A Walk in the Park with Hans Smit - ARIA - Vol. 23, No. 3-4, 2012
Andreas F. Lowenfeld, Herbert and Rose Rubin Professor of International Law Emeritus at New York University School of Law.
Originally from American Review of International Arbitration - ARIA
Preview Page
Hans Smit was, of course, seriously engaged in arbitration, as arbitrator,
counsel, expert witness, writer, and teacher. But Hans was above all a
proceduralist: Arbitration, especially international arbitration, was for him a
significant subset of international civil litigation. I want to honor Hans Smit in
this symposium by imagining a dialogue with him in the course of relating the
story of a recent case that, beginning with a tragedy, involves three fora, two legal
systems, interpretation of a major international convention – just the kind of case
drawing on his skills, just the kind of case Professor Smit would have enjoyed.

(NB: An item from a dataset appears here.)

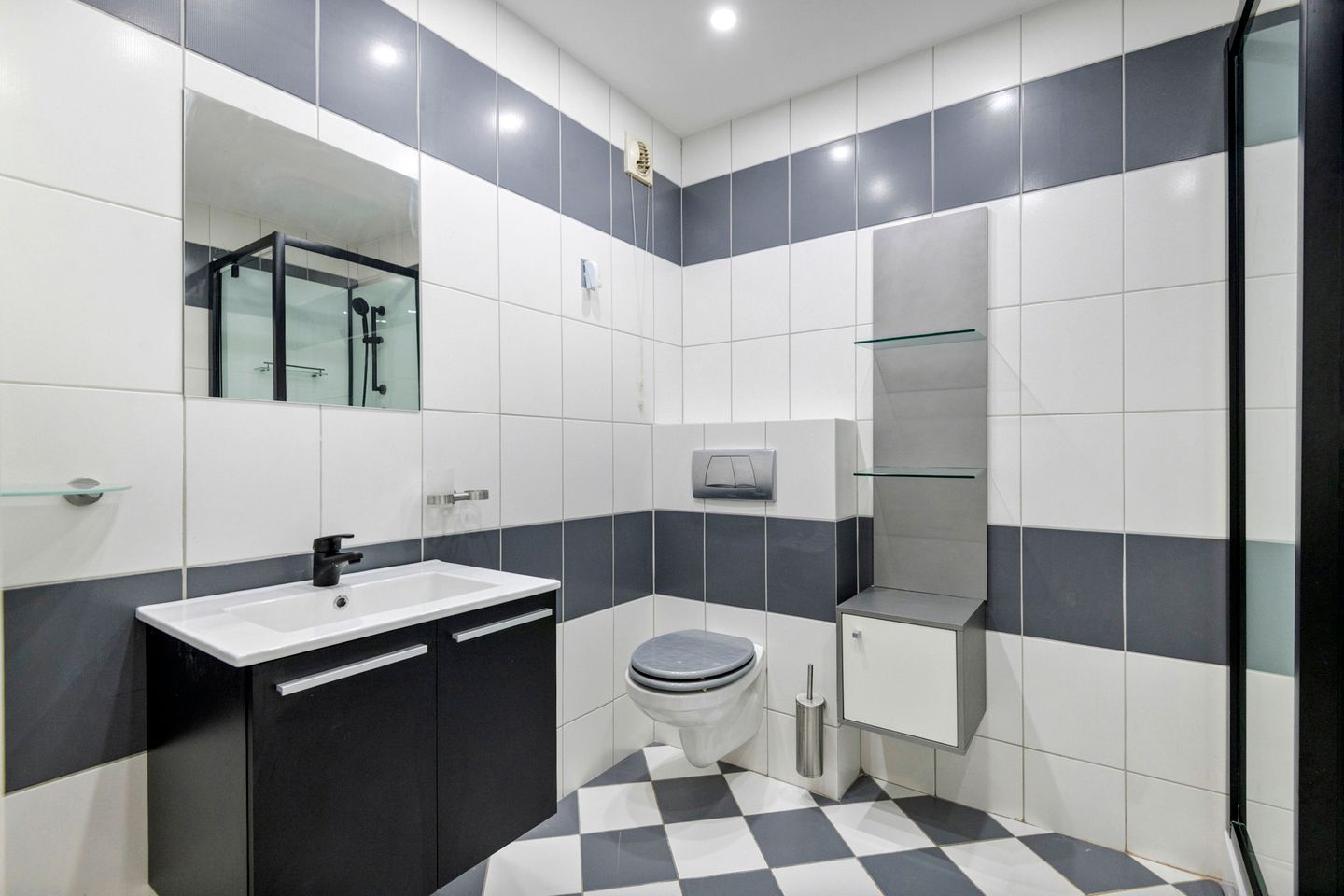 Foto 5 van Dokter van Stratenweg 651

1. The Accident. On August 16, 2005, an MD-82 jetliner en route from
Panama to Martinique crashed into a mountain range near Machiques, Venezuela.
All 160 persons on board perished – 152 passengers and eight crew members.
The flight had been operated as Flight 708 by West Caribbean Airways, a
Colombian airline, under a charter arranged by a tour promoter in the United
States. Like most aviation accidents, the disaster seems to have been caused by a
concurrence of pilot error, mechanical failure, and poor weather.1
2. A First Look at the Law. The passengers all (or all but one) were residents
and citizens of Martinique, an overseas department of the French Republic. In the
bad old days of the Warsaw Convention, compensation to the next of kin would
either have been limited to a derisory sum – U.S. $8,300 per passenger for most of
the period since the early 1930s, or a lengthy litigation would have been
undertaken, looking to an improbable finding of willful misconduct (dol ou faute
lourde in the authentic French text). However, a year and a quarter prior to the
West Caribbean disaster, a new convention signed in Montreal had gone into
effect, culminating four decades of efforts to replace Warsaw with a compensation
regime corresponding to current values.